On December 6 I left Hamilton bright and early as has become my habit. Walking away from the city through suburbs, on streets and parks before a peaceful early morning walk through the Taitua Arboretum, which is an amazing setting, home to myriad trees and a large free-range rooster colony. Beyond that was a lovely walk through the countryside on rural roads followed by a long upward march through high range sheep pasture that had spectacular views. At a high ridge here I stopped and sat alone, had a late lunch and a rest and soaked in the vista, the sheep, a beautiful blue sky and sheep on all sides. No people in sight. It was a real highlight moment that comes back to me vividly days later. It is also when I realized I didn’t have my pocket knife. This is also the day my backpack caught in a fence, causing me to fall onto my back and struggle through multiple shocks to free myself. I don’t recall the specific time or order of that event, perhaps some short term memory loss is an after effect of the electrocution. That might explain why I carelessly touched electric fences on three more occasions that same day. I think now, with the benefit of the 17 electrocutions, I have finally developed the appropriate cognitive awareness to avoid further self-inflicted electrocution.
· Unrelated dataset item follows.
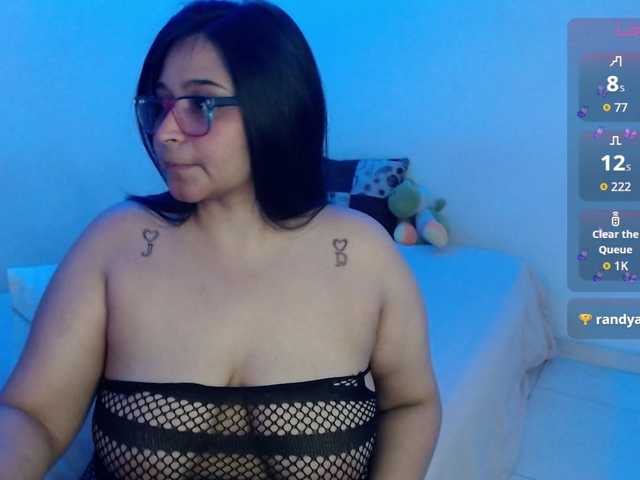 Alyson-'s BongaCams show and profile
Finger crossed.

While I was on the hill enjoying my break I got a call from Yvonne at the hostel in Hamilton (she had generously offered to mail my bounce box to the next post office so I could leave early that morning). Yvonne had a question: Did you lose a swiss army knife?  She mailed it the next day! The day ended at the Khaniwanwha campsite at the base of Pirongia mountain, where I shared the campsite with Nicolas (France) who is also doing the Te Araroa.

I headed off early the next morning (December 7) and charged up Pirongia. It was steep and wet from rain the previous day, but there were stunning views at the summit and just past that a well-equiped hut where I enjoyed my lunch before pushing onward down the other side of the mountain. That’s also where I left my map behind. The descent was much harder, wetter and muddier than the ascent. This is where I broke my walking pole. Tired but not broken I walked some roads til early evening before camping on a quiet forest road.
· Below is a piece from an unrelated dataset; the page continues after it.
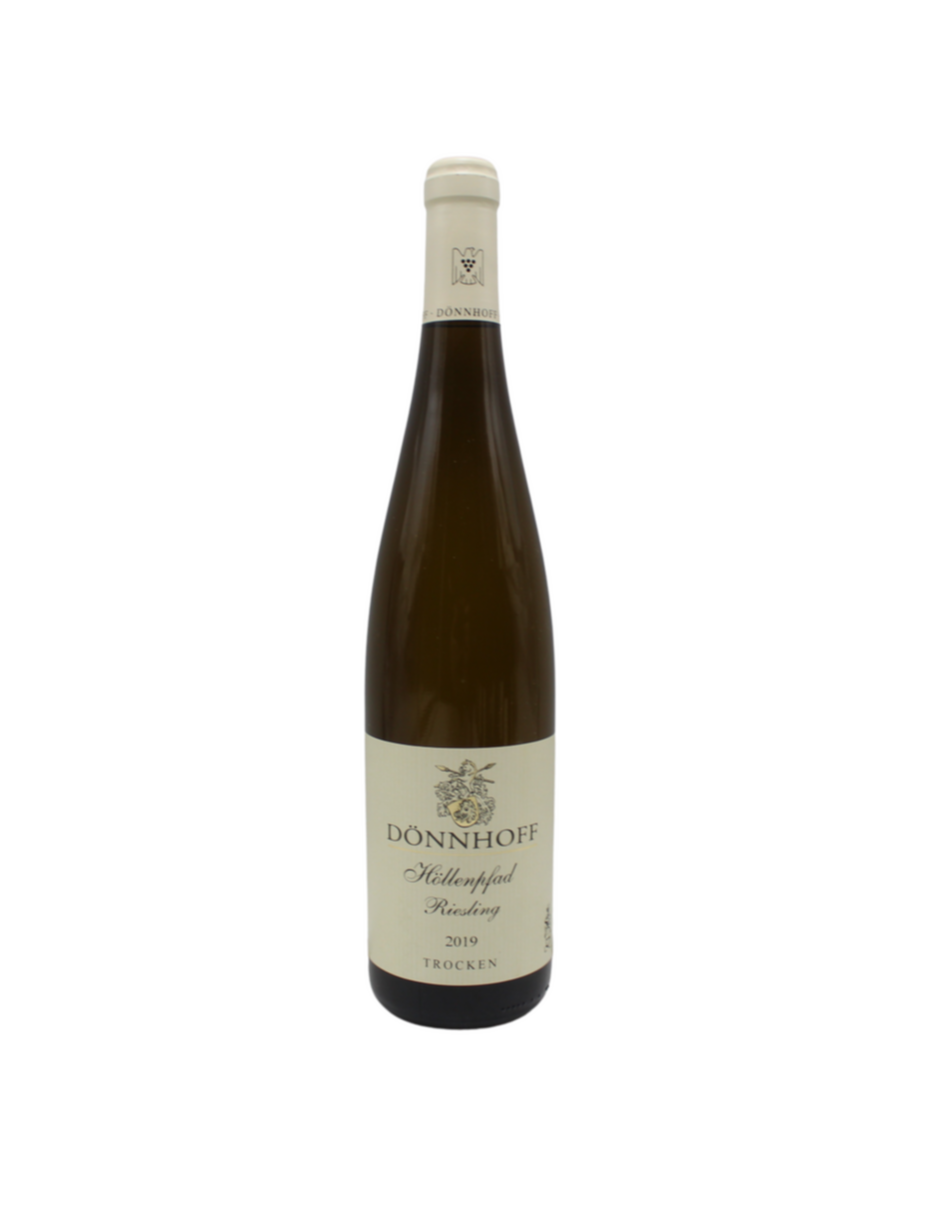 Dönnhoff Höllenpflad Riesling Trocken Roxheimer 2019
December 8 was great weather. A mix of sketchy forest, some ascents to high pasture ground, and a charming river crossing, followed by some mountain bike trails and a little bit of road to get to Waitomo mid-afternoon for a plate of fries and a cold beer and a stay at a backpackers. This was the day I ran out of water, anticipating there would be a later stream to draw from that wasn’t.
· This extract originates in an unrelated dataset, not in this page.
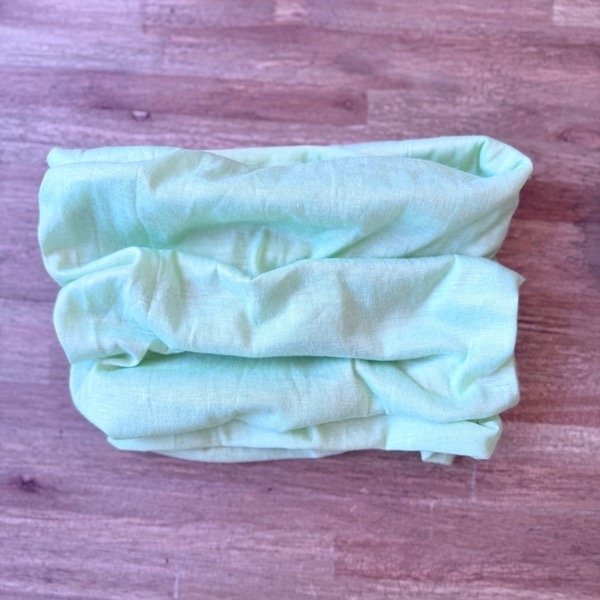 Producto - Cuellito Buff - Verde Agua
From Waitomo, I had a short half day walk on December 9 towards Te Kuiti and an opportunity to resupply that afternoon for an upcoming long forest stretch, print off some new maps, and get oriented to what laid ahead. Without maps I got lost, and spent 2 hours wandering farm pastures, getting charged by bulls, tossing my backpack into a pond, and suffering further electrocutions before joining up again with the trail and coming across Chris and Tony (New Zealand) and Jean and Julliette (France).

At the end of the four days I got to where I wanted to, had printed new maps, found walking with one pole preferable, know where my pocketknife is, learned not to stare down a bull, and have developed a positive aversion to electrified fences.